Jim Wright, who keeps this blog for the Meadowlands Commission, also writes a twice-monthly column for the South Bergenite. His latest column is about Mike Newhouse (above) and the Meadowlands Commission’s bird-banding research program:
One of the coolest parts of my job is watching the Meadowlands Commission’s annual fall bird-banding research project.
For the past six autumns, NJMC Naturalist Mike Newhouse and his small group of volunteers have been briefly capturing birds in delicate netting, and then weighing them and determining their age and gender.
The birds are beautiful, even if the setting is old-style Meadowlands — in the parking lot of the closed Erie landfill, next to a PSE&G substation in North Arlington.
Since 2008, Mike and his volunteers have banded more than 22,000 birds in their research on migratory birds and micro-habitats. They place a lightweight aluminum band with a unique nine-digit number on each bird’s right leg before releasing back into the wild. (Don’t worry: The band does not cause discomfort to the birds or affect its ability to fly.)
And since they enter their banding information into a national data base, researchers everywhere can benefit.
In some cases, Mike’s crew may recapture a bird they banded just a few days before. When that happens, they check to see if the bird’s weight has changed. If it has, that means that the landfill is providing a wonderful rest stop for birds as they fly south.
Bird-banding has made Mike realize just how much avian diversity there is on the Meadowlands’ former landfills: “Nobody knows the importance of landfills during bird migration. We’ve captured roughly 80 species on the landfill, which is really amazing. It’s an important habitat.”
Every so often, a bird that Mike banded is recaptured elsewhere, including a common yellowthroat that had bred in Canada and turned up at a banding station in Palm Beach County, Florida.
It is that sort of situation that has caused Mike to appreciate these birds in new ways.
“I think I give them more respect as I see how much they have to go through while migrating,’’ he says. “The dangers they face and the number of miles they fly is amazing. Just think of birds weighing the amount of a quarter flying several thousand miles through weather, predation, and man-made obstacles — buildings, cell phone towers, and wind turbines.”

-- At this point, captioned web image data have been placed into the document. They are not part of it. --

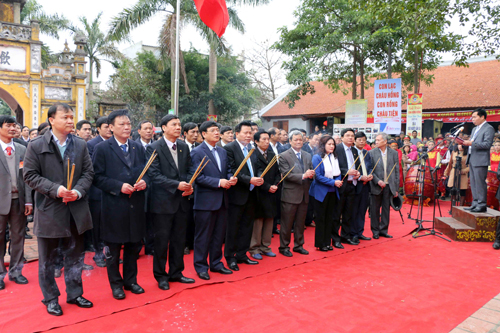 Tiếp nhận phiên bản Mộc bản triều Nguyễn về Vua thủy tổ Kinh Dương Vương ảnh 1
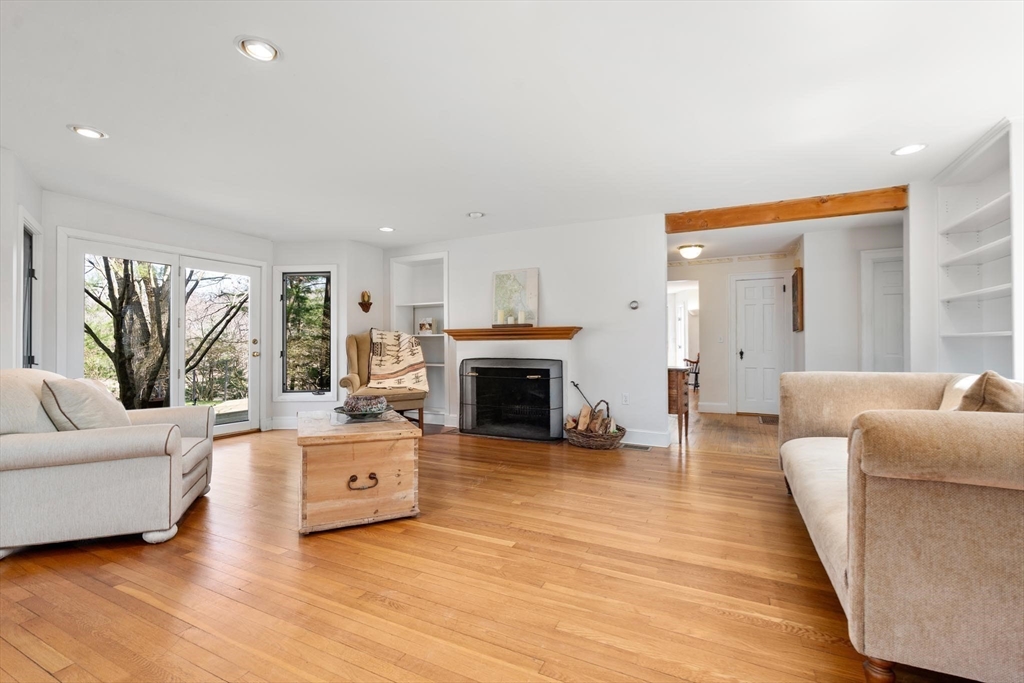 85 Kingswood Road Newton, MA 02466 - Photo 5 of 32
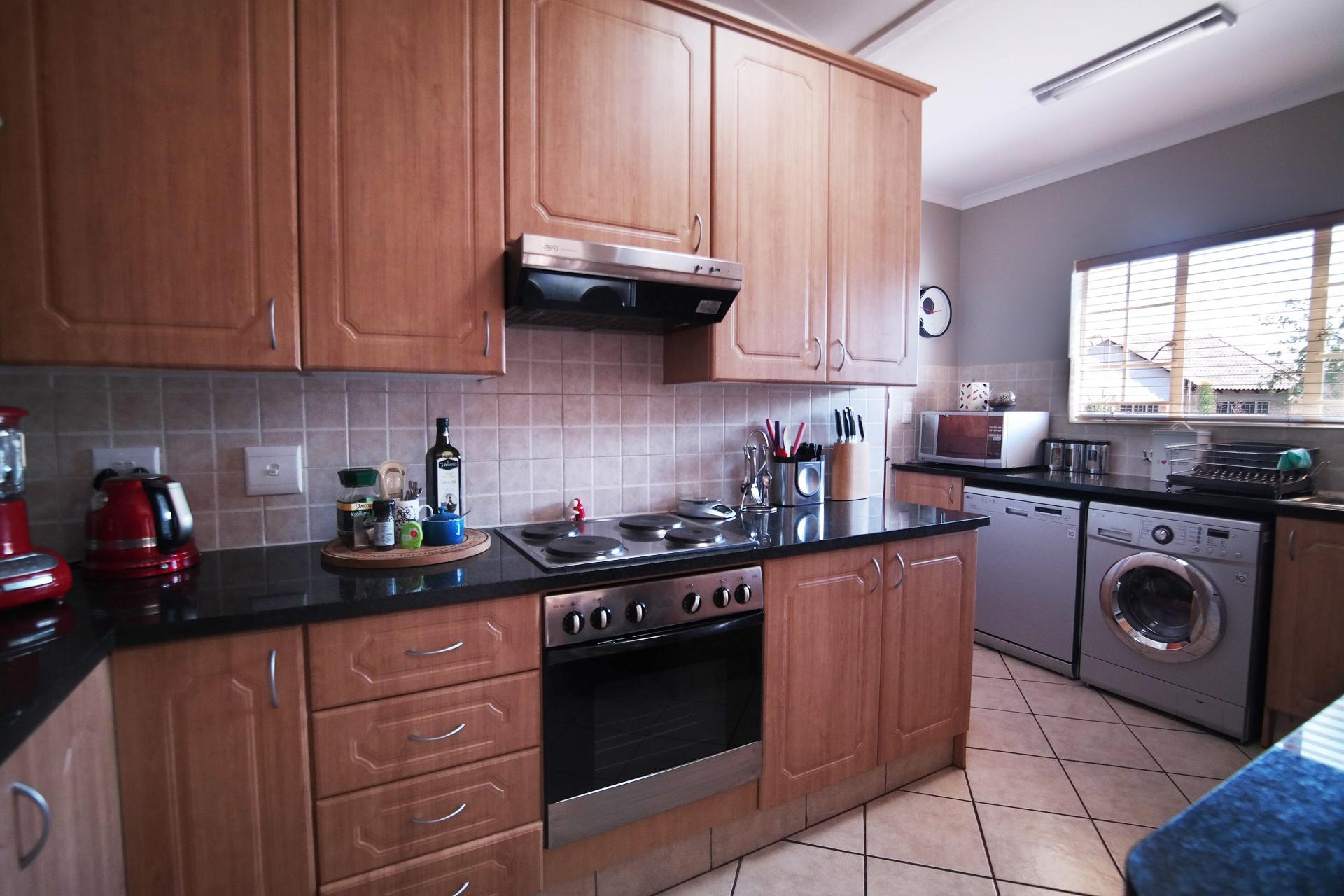 Kitchen - 11 square meters of property in The Wilds Estate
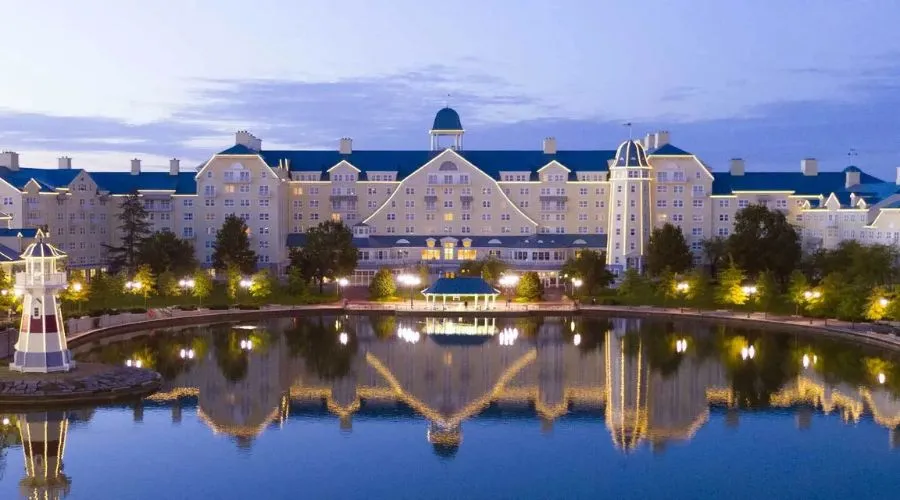 Disney's Newport Bay Club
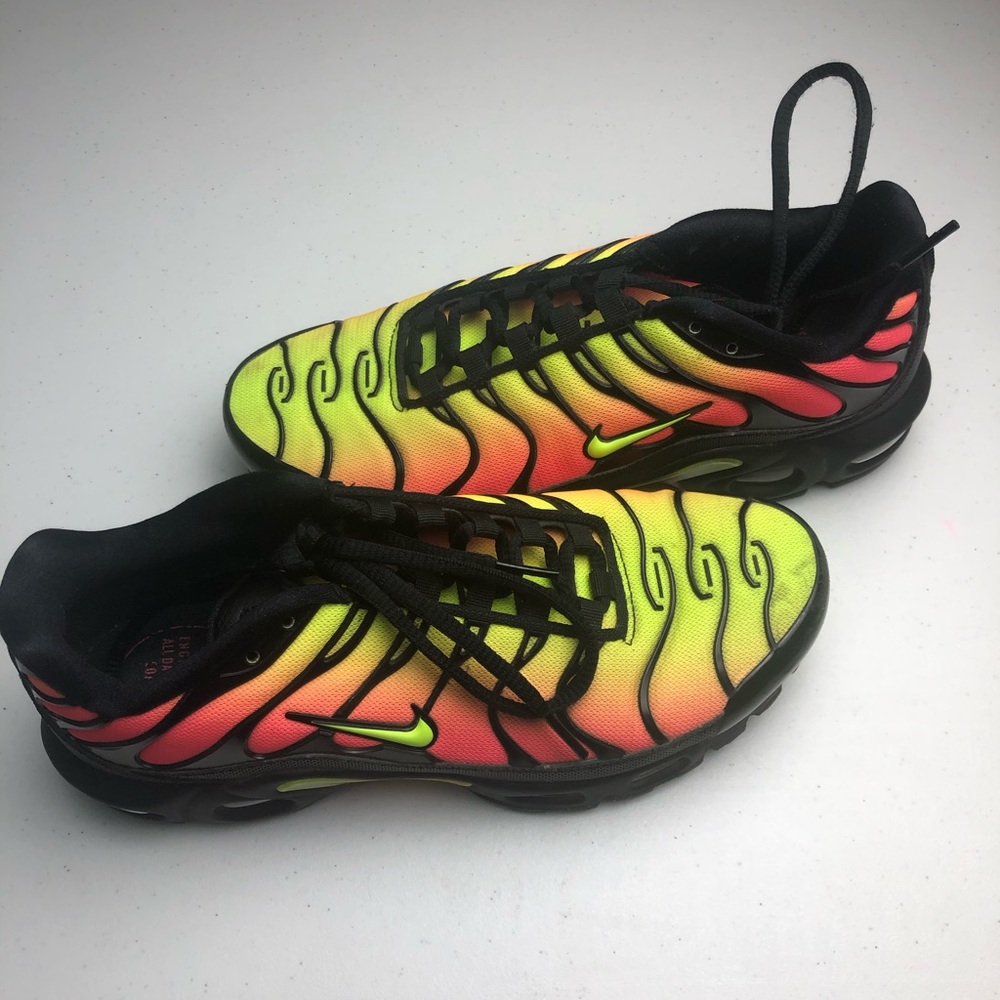 Nike Air Max Plus TN Aq9979Women’s Size 7.5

In addition to banding birds, Meadowlands Commission staffers are also on the lookout for banded and wing-tagged birds from elsewhere. Highlights this summer included three banded first-year peregrines — hatched in Atlantic City, on the Bayonne Bridge and atop a building in Reading, Pa. — and a young great egret from Jamaica Bay in Queens.
This fall, the biggest surprises at Mike’s banding station so far were a so-called common nighthawk (it’s anything but common in the Meadowlands), a black-billed cuckoo, two dickcissels and an abundance of American goldfinches (New Jersey’s state bird).
Since this season’s banding should continue into early November, other treats could be in store.